En el segundo y último periodo del semestre de prácticas docentes, se observan con abatimiento algunas situaciones, aunque se debe señalar con énfasis la imposibilidad de generalizar. Los niños en preescolar, primaria y secundaria son cada vez más complicados, agresivos y poco tolerantes, con frecuencia se escuchan problemáticas que antaño no se presentaban en estos niveles, hay infantes con depresión, estrés, ansiedad, reflejados en la conducta hacia el maestro.

 

Manifestaciones donde se reta al practicante normalista, cuando éste les da una instrucción, descalifican con facilidad el material elaborado o las actividades. Dichas situaciones son útiles para poner a prueba la tolerancia a la frustración y comenzar a hacer gala de las habilidades para motivar al que no quiere involucrarse en el trabajo, sin embargo también está el factor de desgaste.

 

Estas conductas ¿son consecuencia de una sociedad ocupada, descuidada de la niñez?, ¿son el reflejo de padres que trabajan todo el día para lograr un sustento digno o al menos suficiente para tratar de cubrir las necesidades básicas?, ¿o es consecuencia de que la crianza de los pequeños ha sido delegada a los medios tecnológicos?

 

En el trabajo cotidiano se refleja un menor aprecio por el profesor, los niños conocen y defienden muy bien sus derechos, aunque aún falta la asimilación de sus responsabilidades que conlleva el ejercerlos, como lo es el aprecio y respeto a quien le brinda el derecho a la educación.

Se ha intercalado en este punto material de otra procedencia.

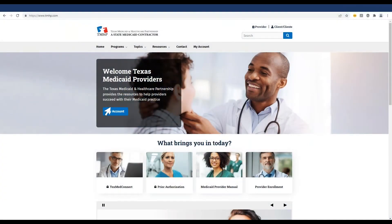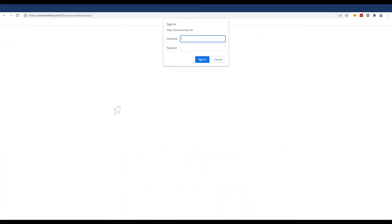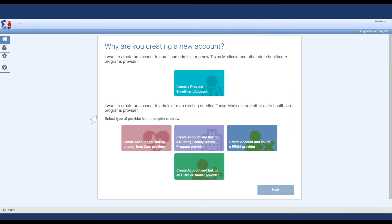Go to the TMHP website at tmhp.com. Click My Account, then click Cancel when the sign-in window appears. To create a new account, click Create a Provider Enrollment Account.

Aunque la proximidad generacional de la edad de los normalistas es también un factor que juega a favor, cuando se detecta a un niño más demandante de atención, en la mayoría de los casos, cuando la recibe y se siente valorado se convence del trabajo y se apega al normalista, donde encuentra un refugio temporal.

 

Situaciones que por lo general suceden ante la común ausencia del profesor titular del grupo, donde además se desconoce o se le otorga poco valor al rol formativo que tiene. También hay temas, en particular, donde la experiencia del titular y el conocimiento de cada uno de sus alumnos es indispensable y cuando no se encuentra en el aula, es un verdadero reto abordarlos. Por infortunio es, en las jornadas de práctica, cuando más comisiones se les encomiendan a los profesores contemplando precisamente que el grupo no se queda solo, sino a cargo de un joven aunque carezca de la experiencia suficiente.

 

Por otra parte también están las actitudes del padre de familia y la descalificación que hacen, ante su hijo, de los materiales o propuestas encargadas. Espacios donde lamentablemente se diluye la oportunidad para que el aspirante a maestro desarrolle estrategias para atención a la diversidad y se fomente su participación mediante el trabajo interdisciplinar con los otros profesionales de Educación Física, de Artes o de las Unidades de Servicio de Apoyo a la Escuela Regular (USAER), para aprender en los diferentes contextos, para atender problemáticas reales con asesoría de los directivos y profesores (DGESPE, 2012).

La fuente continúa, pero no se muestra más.